Daí a consequente necessidade de “criar” mecanismos jurídicos e construções teóricas (ou retóricas) que preservem ao máximo a independência entre os ramos. Em especial, destacam-se as construções em torno de uma alegada autonomia entre as instâncias oficiais encarregadas de apurar e julgar infrações civis, administrativas e penais, cujas decisões, dentro da lógica separatista e com raras exceções, são concebidas sob o signo da incomunicabilidade.
Não obstante, trata-se de uma lógica que tem contribuído para a estruturação de uma ordem jurídica demasiadamente ramificada e desconexa, e que parece confundir a autonomia científica, própria e necessária a cada um dos setores do ordenamento, com a inviabilidade de diálogo, não menos científico e regido por regras pré-fixadas, entre esses mesmos setores. Ademais, essa concepção separatista parece não se compatibilizar, no limiar do século XXI, com a ideia de organicidade do sistema jurídico. A mesma concepção, com efeito, sob a qual se sustenta, por exemplo, a teoria do tipo (ou tipicidade) conglobante de Zaffaroni.

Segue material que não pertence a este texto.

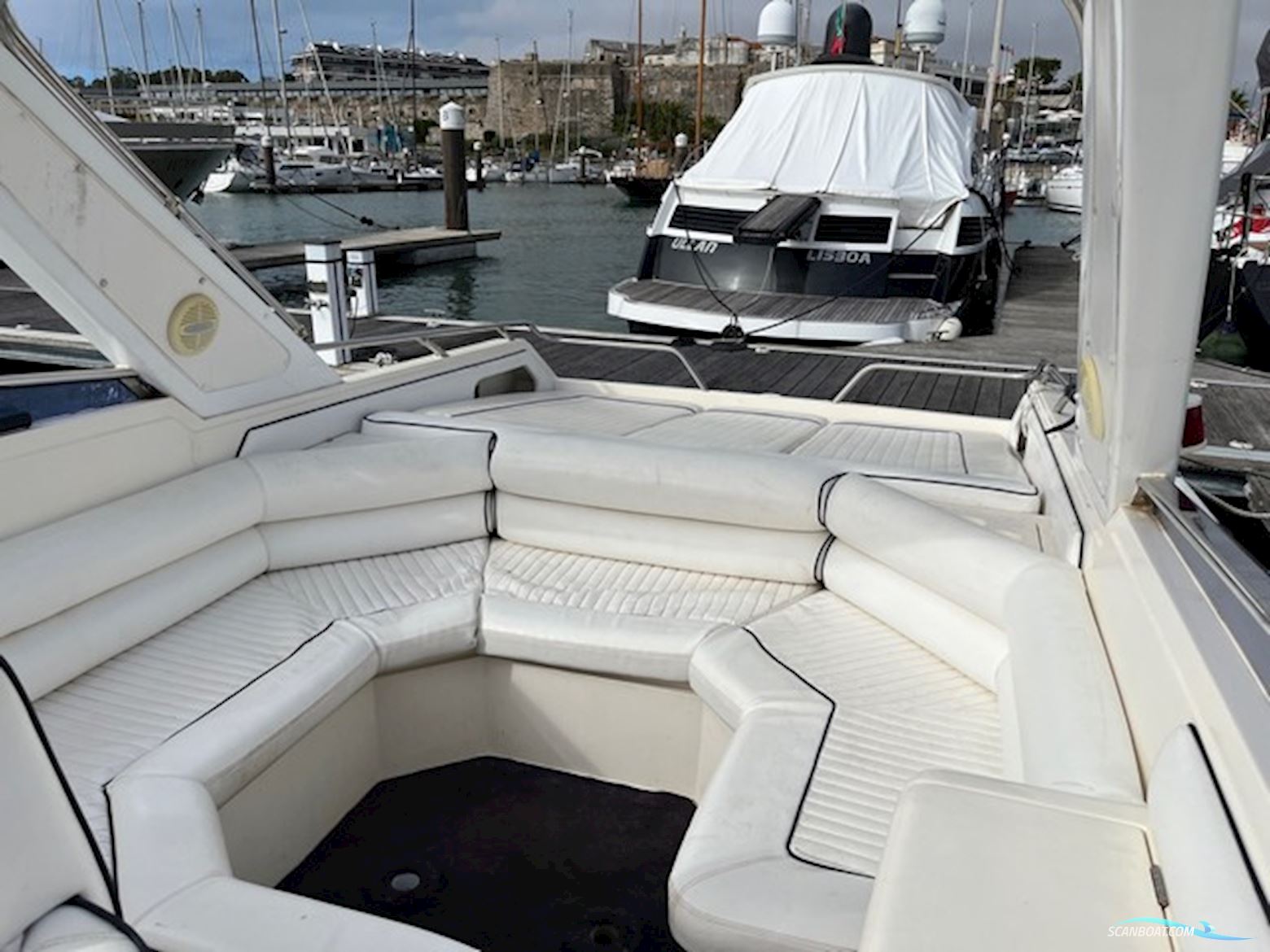 Sunseeker Thunderhawk 43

Ainda que timidamente, alguns mecanismos jurídicos têm sido elaborados no sentido de prestigiar a organicidade do Direito e do próprio sistema normativo. Tanto do ponto de vista normativo, quanto jurisprudencial e doutrinário. Entre nós, por exemplo, a lei prevê casos em que decisões tomadas em uma das esferas repercutem em outras. Um dos exemplos típicos disso, no âmbito criminal, é a sentença absolutória penal por negativa de autoria, que faz coisa julgada no cível, impedindo a reapreciação da matéria para efeito de indenização, conforme disciplinam o Código de Processo Penal e o Código Civil brasileiros. Mais recentemente, no campo jurisprudencial, tem-se a orientação adotada pela Suprema Corte no sentido de condicionar o oferecimento de denúncia por crime tributário à conclusão do procedimento administrativo fiscal e o respectivo lançamento do crédito tributário. Essa orientação, com efeito, produziu uma verdadeira reviravolta jurídica em torno dos crimes fiscais, notadamente em torno do crime tipificado no art. 1.º, da Lei 8.137/90. Desde aquele julgamento, fixou-se o entendimento de que o oferecimento de denúncia, pelo crime previsto no art. 1.º da Lei 8.137/90, condiciona-se ao esgotamento prévio da esfera administrativo-fiscal, através do lançamento do respectivo crédito tributário. Essa orientação foi recentemente sumulada, através da Súmula Vinculante n.º 24.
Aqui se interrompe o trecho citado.